YOUR hair is too familiar and too tempting a target,” General Haim Bar-Lev gently suggested. So David Ben-Gurion, 84, obediently accepted a beret and pressed it down over his distinctive white mane. That done, Israel’s first Premier and Defense Minister last week followed Chief of Staff Bar-Lev on a tour of Suez Canal fortifications.

Ben-Gurion was impressed but occasionally baffled. Inside one of the intricate bunkers along the Bar-Lev line, he demanded: “What kind of Hebrew word is ‘bunker’?” An escort explained: “We use ‘bunker’ because we have not yet got around to Hebraizing defense terminology. On offense we have no foreign words.” The old lion stopped before a group of soldiers and fixed his eyes on one. “You’re younger than I,” said Ben-Gurion. “Perhaps you can tell me when there will be peace.” “I?” responded the soldier. “Who knows? It depends on the Arabs.” Replied Ben-Gurion: “And on us.”

The nations that hold the key to peace—Israel, Egypt and Jordan—are still far from harmony as their second 90-day cease-fire expires this week. Egyptian President Anwar Sadat and his advisers were to meet early in the week to decide whether or not to extend the truce formally, and if so, for how long. Meanwhile, Sadat’s soldiers have been training with rubber dinghies along the canal, in clear sight of the Israelis, and air raid drills were staged in Cairo. The Israelis also went out of their way to show that they are prepared for any eventuality. “Don’t fear and don’t panic if the Egyptians start the fighting again,” Premier Golda Meir told the nation. “We are ready for them.”

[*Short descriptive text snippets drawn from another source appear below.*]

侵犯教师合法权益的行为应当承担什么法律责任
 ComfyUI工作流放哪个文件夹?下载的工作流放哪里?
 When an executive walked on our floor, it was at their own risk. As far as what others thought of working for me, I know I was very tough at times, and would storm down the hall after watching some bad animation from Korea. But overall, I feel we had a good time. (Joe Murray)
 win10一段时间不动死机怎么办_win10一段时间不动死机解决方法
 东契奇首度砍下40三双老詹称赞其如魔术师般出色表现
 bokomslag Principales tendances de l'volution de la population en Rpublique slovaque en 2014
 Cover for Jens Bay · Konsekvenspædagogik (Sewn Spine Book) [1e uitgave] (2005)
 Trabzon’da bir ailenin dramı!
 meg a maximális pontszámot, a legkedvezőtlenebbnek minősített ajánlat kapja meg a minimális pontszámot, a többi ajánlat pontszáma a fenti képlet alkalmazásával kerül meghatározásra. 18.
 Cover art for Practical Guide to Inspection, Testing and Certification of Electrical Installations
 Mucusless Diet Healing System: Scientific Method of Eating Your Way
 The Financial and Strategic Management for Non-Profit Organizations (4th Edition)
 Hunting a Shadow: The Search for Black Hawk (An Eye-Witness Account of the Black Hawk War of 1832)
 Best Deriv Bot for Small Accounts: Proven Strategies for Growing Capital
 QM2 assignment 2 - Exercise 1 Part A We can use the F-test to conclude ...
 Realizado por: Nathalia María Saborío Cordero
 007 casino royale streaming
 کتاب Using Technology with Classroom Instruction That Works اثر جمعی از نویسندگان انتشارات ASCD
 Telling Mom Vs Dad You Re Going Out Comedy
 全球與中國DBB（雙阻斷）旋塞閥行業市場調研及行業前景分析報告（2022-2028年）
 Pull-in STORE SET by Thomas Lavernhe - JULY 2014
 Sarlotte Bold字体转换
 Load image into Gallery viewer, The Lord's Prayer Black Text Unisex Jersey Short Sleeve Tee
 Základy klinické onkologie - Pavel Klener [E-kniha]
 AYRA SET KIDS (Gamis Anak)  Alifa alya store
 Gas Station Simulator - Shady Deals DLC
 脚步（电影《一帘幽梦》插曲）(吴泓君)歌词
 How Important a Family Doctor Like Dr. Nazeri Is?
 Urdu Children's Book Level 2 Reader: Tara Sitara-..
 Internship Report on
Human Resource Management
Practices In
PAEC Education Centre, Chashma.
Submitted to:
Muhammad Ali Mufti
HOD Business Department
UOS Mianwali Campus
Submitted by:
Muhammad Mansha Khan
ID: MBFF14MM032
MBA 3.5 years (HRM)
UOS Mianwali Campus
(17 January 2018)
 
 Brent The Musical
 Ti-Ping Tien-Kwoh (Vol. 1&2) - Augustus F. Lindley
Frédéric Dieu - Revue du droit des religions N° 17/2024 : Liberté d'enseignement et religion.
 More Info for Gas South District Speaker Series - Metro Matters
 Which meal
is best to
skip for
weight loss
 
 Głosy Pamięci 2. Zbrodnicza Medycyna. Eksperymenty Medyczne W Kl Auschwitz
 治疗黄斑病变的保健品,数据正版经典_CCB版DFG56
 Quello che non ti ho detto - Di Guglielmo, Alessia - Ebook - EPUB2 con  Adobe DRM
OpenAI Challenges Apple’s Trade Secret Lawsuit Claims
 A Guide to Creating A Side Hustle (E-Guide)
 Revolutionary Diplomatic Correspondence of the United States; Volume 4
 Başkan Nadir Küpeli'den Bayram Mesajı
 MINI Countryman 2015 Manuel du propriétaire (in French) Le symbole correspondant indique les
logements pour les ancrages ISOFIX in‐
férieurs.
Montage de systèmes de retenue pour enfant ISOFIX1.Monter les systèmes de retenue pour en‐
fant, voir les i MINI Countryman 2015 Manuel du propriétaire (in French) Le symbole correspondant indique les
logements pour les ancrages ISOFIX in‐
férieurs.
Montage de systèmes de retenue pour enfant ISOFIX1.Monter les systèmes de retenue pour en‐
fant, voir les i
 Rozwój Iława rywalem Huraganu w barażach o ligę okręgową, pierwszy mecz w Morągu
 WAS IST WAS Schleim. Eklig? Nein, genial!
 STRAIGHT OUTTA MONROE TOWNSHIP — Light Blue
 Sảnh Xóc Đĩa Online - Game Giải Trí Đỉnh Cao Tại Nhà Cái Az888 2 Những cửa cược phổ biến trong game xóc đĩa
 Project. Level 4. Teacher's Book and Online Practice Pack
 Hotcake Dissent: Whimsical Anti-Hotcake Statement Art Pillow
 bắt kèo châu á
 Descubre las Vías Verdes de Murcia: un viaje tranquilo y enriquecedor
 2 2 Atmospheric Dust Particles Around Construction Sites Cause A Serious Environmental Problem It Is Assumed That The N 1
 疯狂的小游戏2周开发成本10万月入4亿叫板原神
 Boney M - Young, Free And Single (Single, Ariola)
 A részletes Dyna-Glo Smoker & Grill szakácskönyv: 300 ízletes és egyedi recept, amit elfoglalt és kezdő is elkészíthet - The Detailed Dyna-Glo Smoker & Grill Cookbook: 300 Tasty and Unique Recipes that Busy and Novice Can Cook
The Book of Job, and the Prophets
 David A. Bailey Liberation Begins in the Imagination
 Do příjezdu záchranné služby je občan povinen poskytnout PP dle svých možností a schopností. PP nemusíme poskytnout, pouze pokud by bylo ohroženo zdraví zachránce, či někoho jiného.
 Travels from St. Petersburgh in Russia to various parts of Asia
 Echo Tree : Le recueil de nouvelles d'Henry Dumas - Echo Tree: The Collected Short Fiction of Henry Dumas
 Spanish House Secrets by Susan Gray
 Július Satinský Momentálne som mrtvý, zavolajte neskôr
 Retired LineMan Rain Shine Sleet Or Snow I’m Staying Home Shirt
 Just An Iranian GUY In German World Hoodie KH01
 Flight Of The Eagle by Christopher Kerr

Neither side seemed to want the guns to sound again after six months of silence. But so far neither has engaged wholeheartedly in peace negotiations under the aegis of U.N. Mediator Gunnar Jarring. Jarring this week will submit a progress report on his talks to Secretary-General U Thant, who will then report to the Security Council. Thant is expected to suggest that there has been enough movement to warrant a continuation of the ceasefire. He is also likely to propose that the Big Four—the U.S., Soviet Union, Britain and France —issue a similar call for extension of the ceasefire. The U.S. will do this, but no more. Washington feels that the Arabs have deliberately been holding back in hopes that the Big Four would eventually be forced to enter the picture and put pressure on Israel. “They must understand,” said a State Department official, “that they have got to negotiate seriously.”